寒さはまだまだ続きそうですので、ほっこり心温まるエッセイを読
(2017年「親子の日エッセイコンテスト」でオーティコン賞受賞作品)
ドラマのあるシーンが好きだ。
朝、出勤で家を出る。少し歩き振り返ると、ベランダから手を振る妻の見送り。優しく背中を押してくれる、じんわり暖かくなるシーンだ。
嫁さんは寝起きの悪さも相まって出てこない。ある日、このシーンが大好きだ!とダイレクトなアピールをし、翌朝口元をほころばせて振り返った。妻はいなかった。
あれはドラマの演出だ。過剰演出だ、クレームものだ。くすぶる気持ちの消火に努める。
私のオカンは昔から心配性で、小さい頃はよく見送りに出てきた。思春期の頃はそれがうざったく思え「出てこんでええよ!」などと声を荒げたり無視したり、ひどい扱いをした。それを今度は他人に求めるのだから、全く現金なやつだと我ながら呆れた。
そんな日々に思わぬ転機が訪れた。子供を授かって1年半。植物に話しかけるほど丁寧に朝を過ごすタイプの私だったが、子育て世代の朝は忙しい。洗濯干して洗い物、「おあよっ!」起きてきた息子に高い高い3ストローク。そうだ火曜はゴミの日、まとめなくちゃ、三角コーナーも忘れずに。振り返るのも忘れるほどバタバタと用意をする。
ゴミ袋を手にドアノブをひねる。ねえ!背中に声が飛び、少し苛立ちが混じった顔で振り返る。
「バーバイッ」
子供が玄関で手を振っていた。大変潤んだ瞳でムチムチの腕を何度も振っていた。ぼくも外であそびたいのに…絵本読んでけよ…様々な要素が入れ子状になっているのを無視し、ただ父との別れを惜しむ無垢な少年の顔と理解した。
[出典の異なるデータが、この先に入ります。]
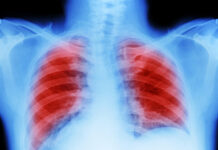 Ольга Уланкина и EVALI Как сохранить здоровье легких при использовании вейпов olga ulankina i kak sohranit zdorove legkih pri ispolzovanii vejpov-todey-ru-174238226400-0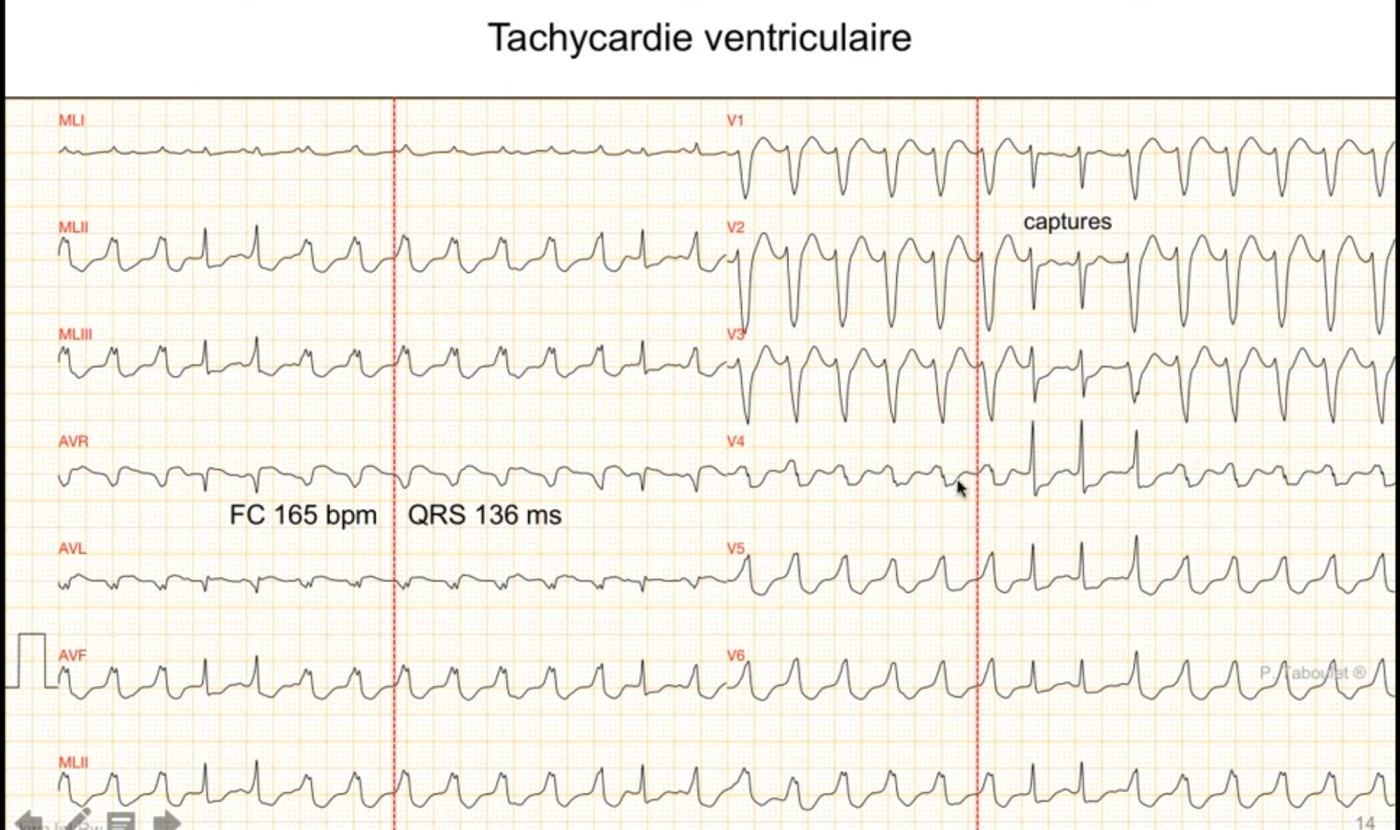 Tachycardie ventriculaire à 165 par minute, QRS 136 ms, sur douze dérivations ; lecture en DI avec retard d'inscription de l'onde R, front de dépolarisation très ralenti en DII avec aspect QS, onde Q très large en aVR par activation remontant depuis l'apex ; sur la droite du tracé apparaissent des QRS fins de capture prouvant la dissociation atrioventriculaire et donc la nature ventriculaire de la tachycardie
「有給」頭に浮かんだグッドアイデアをかき消しながら、一路会社へ足を向けた。
歩きながら、オカンの偉大さがじわじわと分かってきた。見送るのは、ただ心配なだけでなく、忙しい日常の中で互いに向き合える僅かな時間の確保でもあるのだ。
共働きで家にいないオカンが、まばたきのような時間でも、自分を見て相手を思える代えがたい瞬間。
息子が部活でも反抗期でも、見送ってあげよう。続けることに意味がある。そしてそれを見た嫁さんが、いつかベランダに現れることを願おう。